§ **EXERCISE REQUIREMENTS**
Would it be possible to output exactly, and only, the lines below from the one holding "Two men standing" to the last line, both included, with every picture left out?

Image-caption web data
● ● ● ● ● ● ●

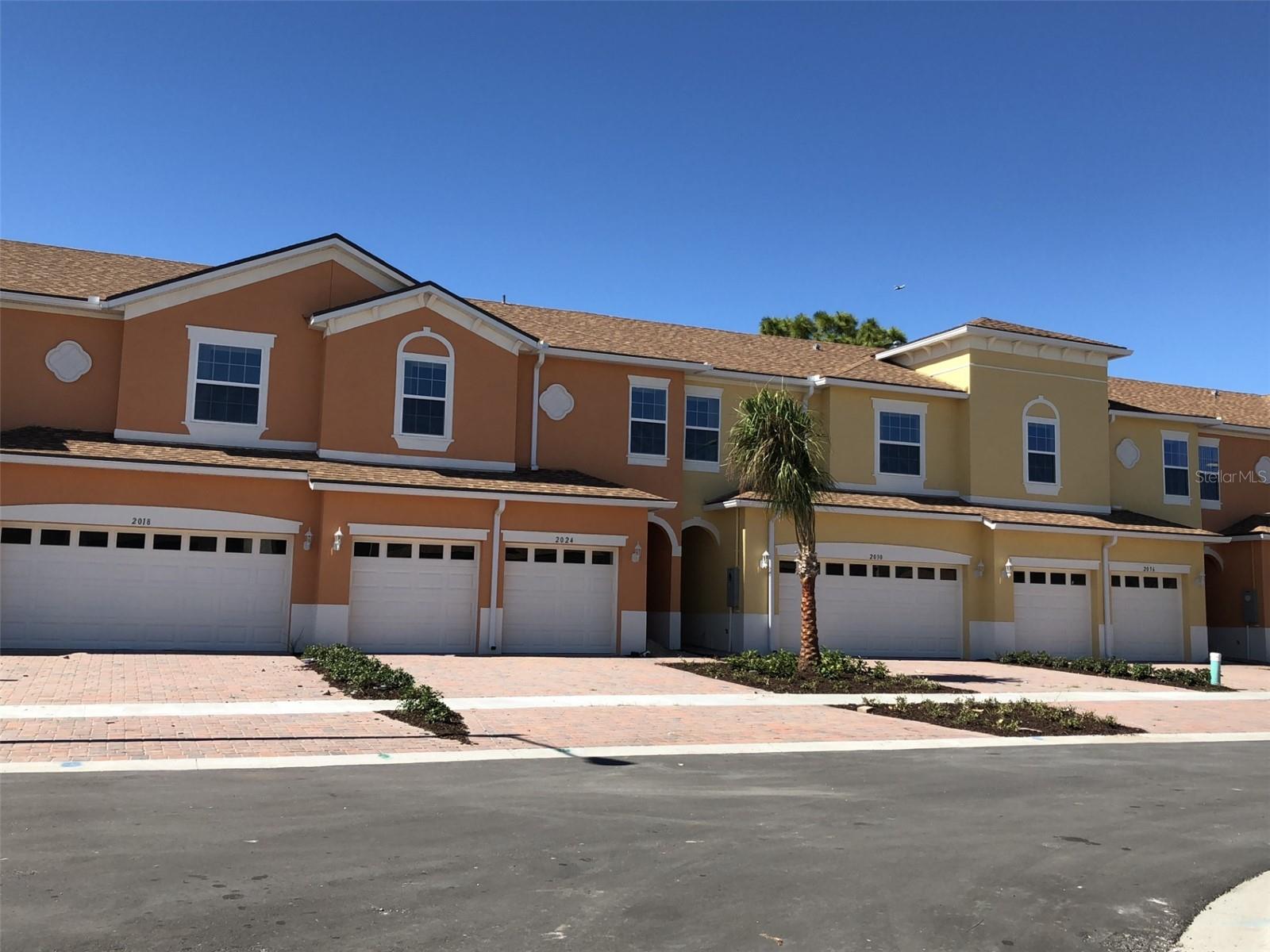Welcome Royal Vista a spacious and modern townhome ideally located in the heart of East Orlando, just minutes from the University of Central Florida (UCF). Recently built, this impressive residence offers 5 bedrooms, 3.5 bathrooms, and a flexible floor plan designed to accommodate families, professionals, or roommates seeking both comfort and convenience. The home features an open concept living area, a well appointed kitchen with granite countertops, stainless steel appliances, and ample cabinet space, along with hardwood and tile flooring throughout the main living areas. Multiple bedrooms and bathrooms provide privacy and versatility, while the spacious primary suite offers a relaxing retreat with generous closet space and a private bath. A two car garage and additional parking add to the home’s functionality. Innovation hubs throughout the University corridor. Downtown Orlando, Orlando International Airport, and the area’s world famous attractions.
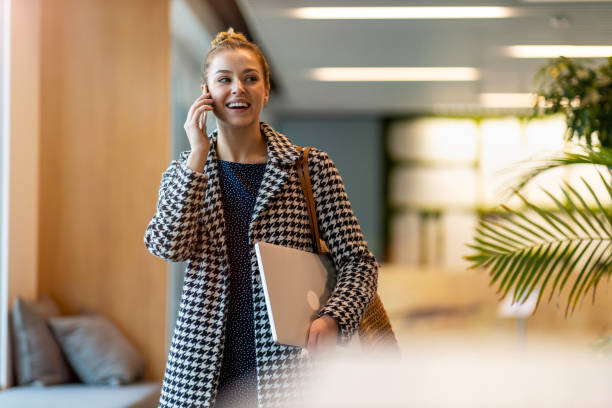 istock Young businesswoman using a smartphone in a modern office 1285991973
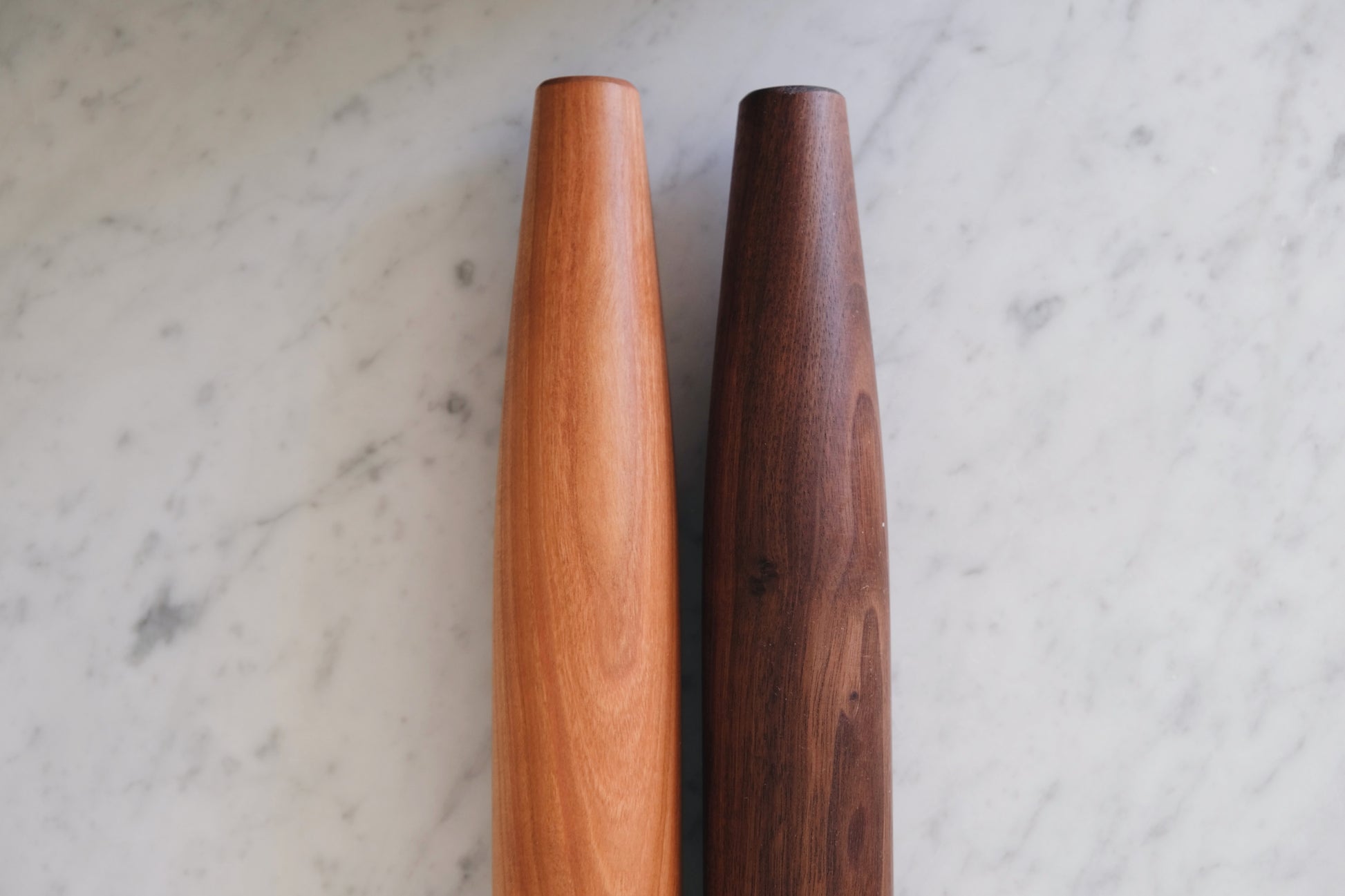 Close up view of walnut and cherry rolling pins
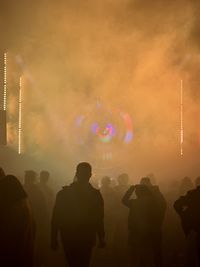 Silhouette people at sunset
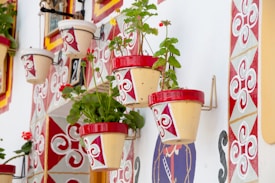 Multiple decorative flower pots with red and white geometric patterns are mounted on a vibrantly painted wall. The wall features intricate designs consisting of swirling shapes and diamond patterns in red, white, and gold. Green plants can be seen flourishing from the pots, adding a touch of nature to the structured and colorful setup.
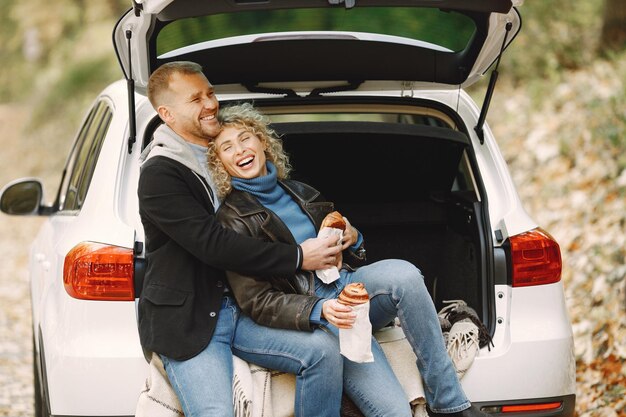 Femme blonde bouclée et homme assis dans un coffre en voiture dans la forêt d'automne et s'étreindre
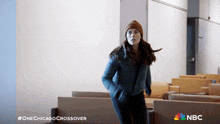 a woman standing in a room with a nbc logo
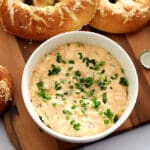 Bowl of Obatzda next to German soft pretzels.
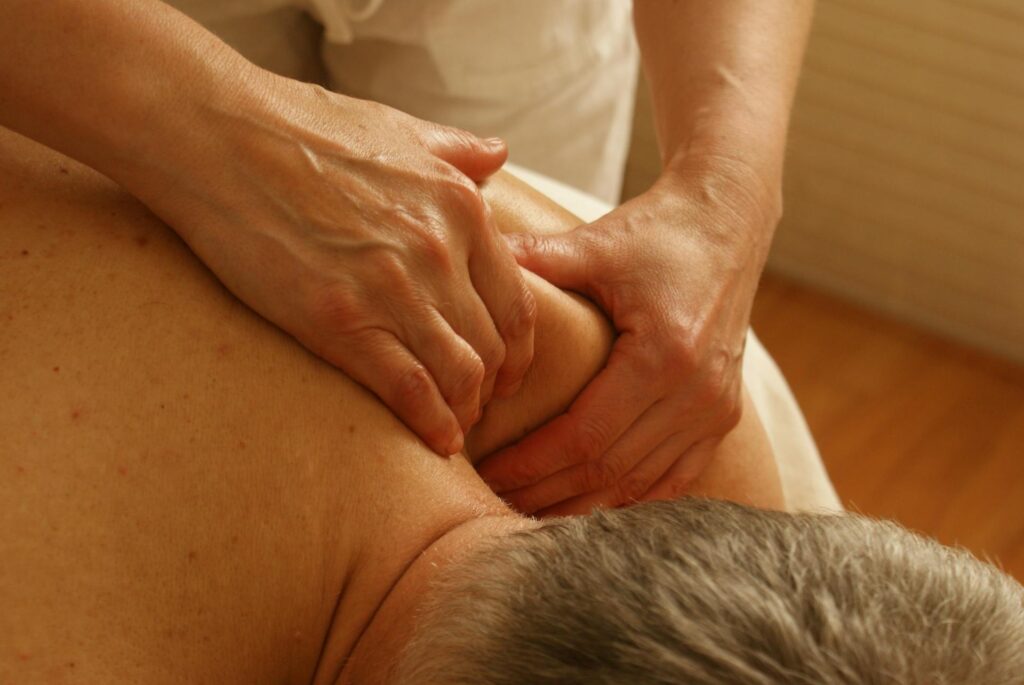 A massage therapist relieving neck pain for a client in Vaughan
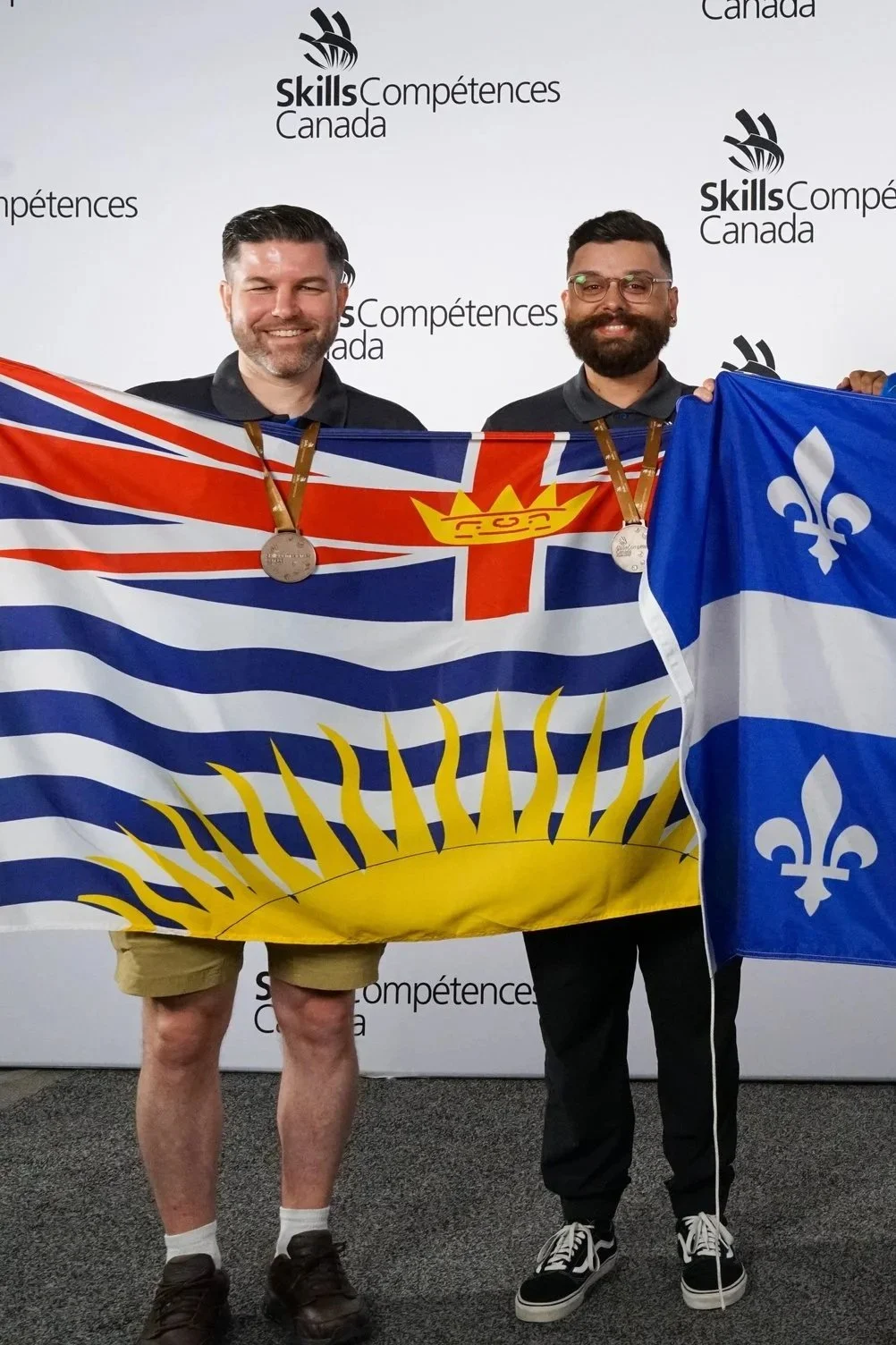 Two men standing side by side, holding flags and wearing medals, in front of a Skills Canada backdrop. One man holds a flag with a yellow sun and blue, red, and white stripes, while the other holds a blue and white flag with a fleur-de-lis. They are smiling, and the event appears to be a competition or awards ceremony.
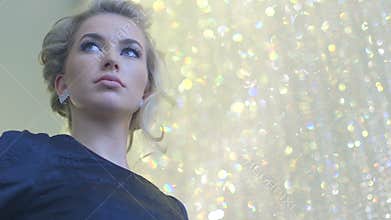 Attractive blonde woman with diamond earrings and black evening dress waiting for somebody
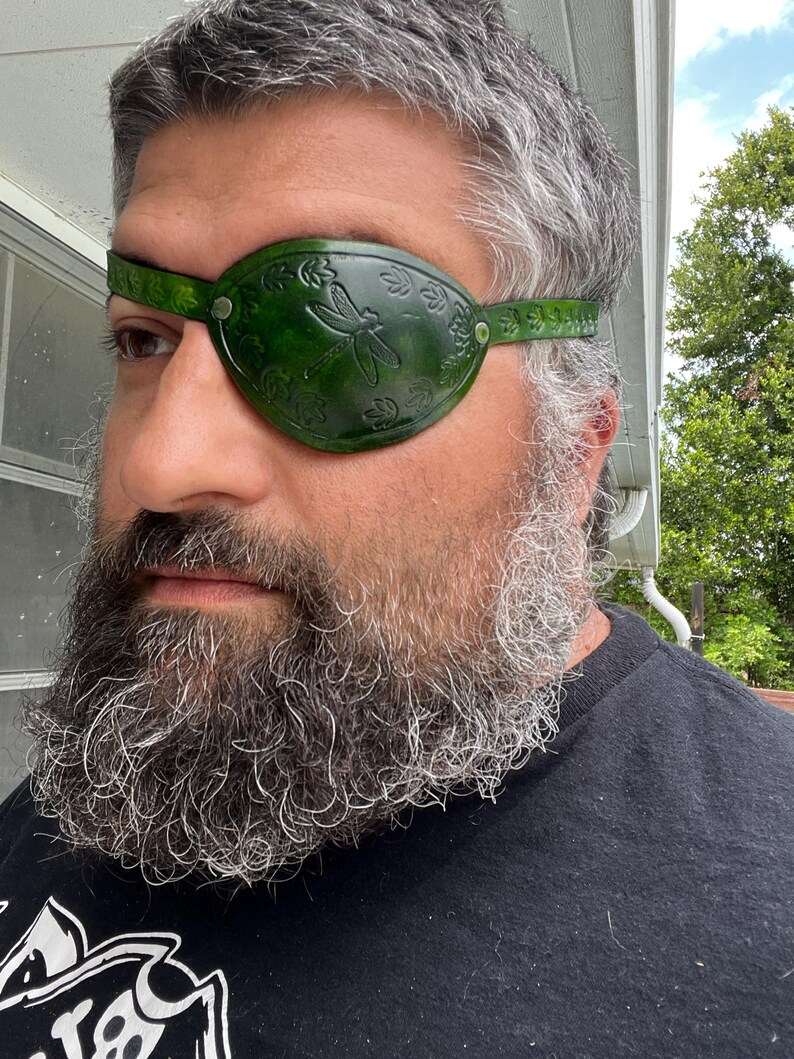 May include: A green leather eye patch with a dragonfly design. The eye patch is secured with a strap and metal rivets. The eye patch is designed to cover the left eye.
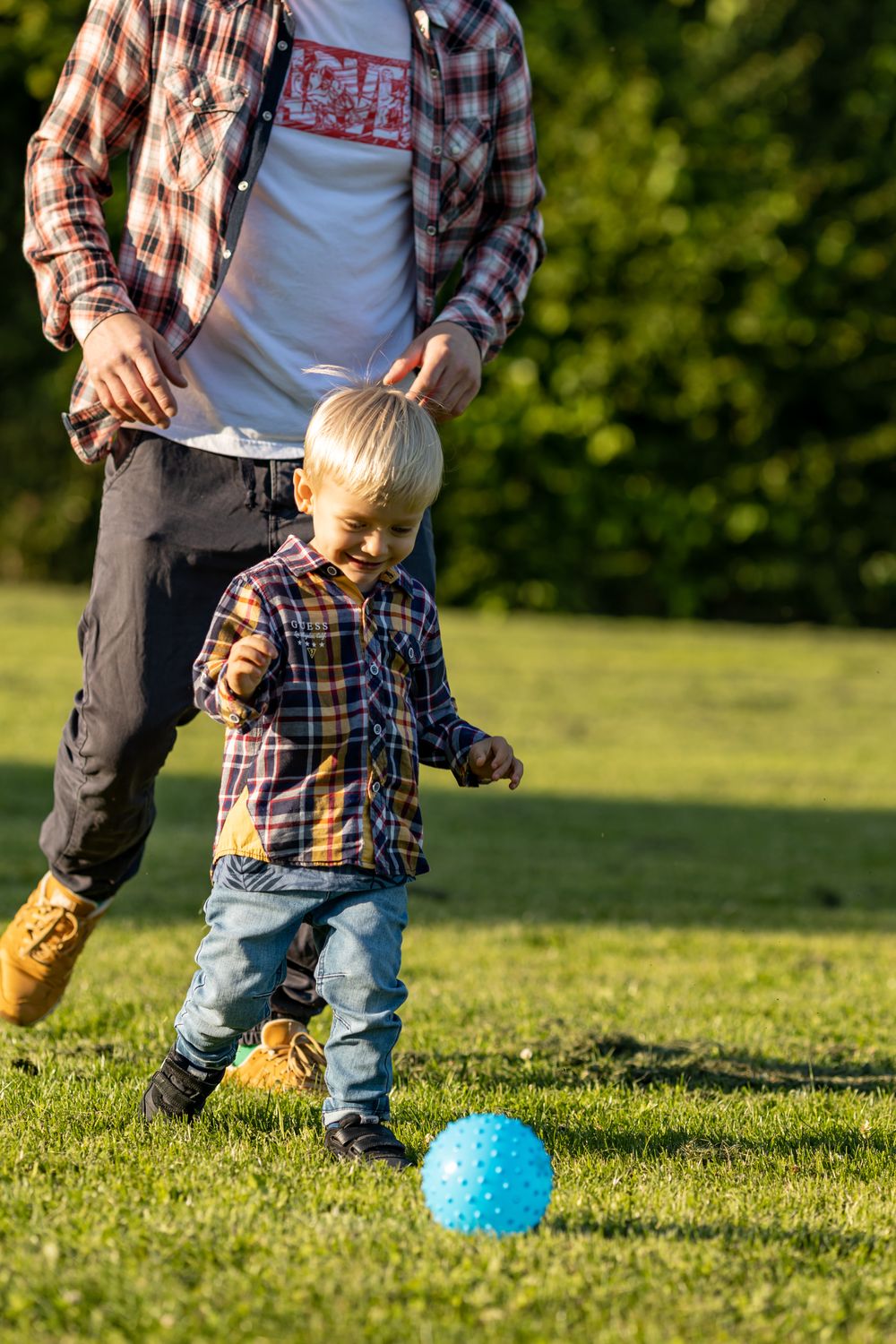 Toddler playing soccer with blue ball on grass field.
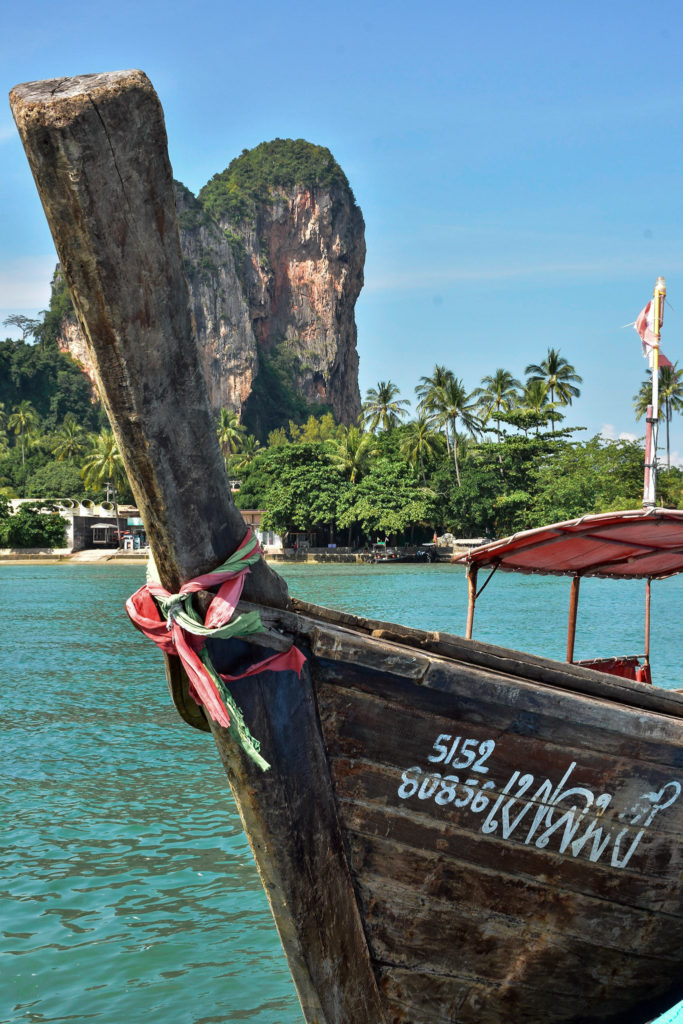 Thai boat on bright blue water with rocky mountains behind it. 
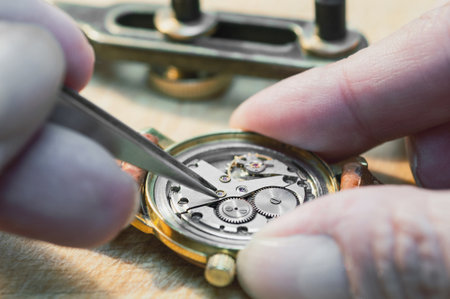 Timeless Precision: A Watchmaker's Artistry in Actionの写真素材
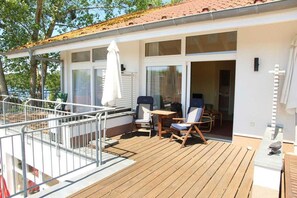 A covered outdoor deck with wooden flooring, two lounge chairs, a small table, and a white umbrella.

● ● ● ● ● ● ●

§ **YOUR RESPONSE**
 Two men standing side by side, holding flags and wearing medals, in front of a Skills Canada backdrop. One man holds a flag with a yellow sun and blue, red, and white stripes, while the other holds a blue and white flag with a fleur-de-lis. They are smiling, and the event appears to be a competition or awards ceremony.
 Attractive blonde woman with diamond earrings and black evening dress waiting for somebody
 May include: A green leather eye patch with a dragonfly design. The eye patch is secured with a strap and metal rivets. The eye patch is designed to cover the left eye.
 Toddler playing soccer with blue ball on grass field.
 Thai boat on bright blue water with rocky mountains behind it. 
 Timeless Precision: A Watchmaker's Artistry in Actionの写真素材
 A covered outdoor deck with wooden flooring, two lounge chairs, a small table, and a white umbrella.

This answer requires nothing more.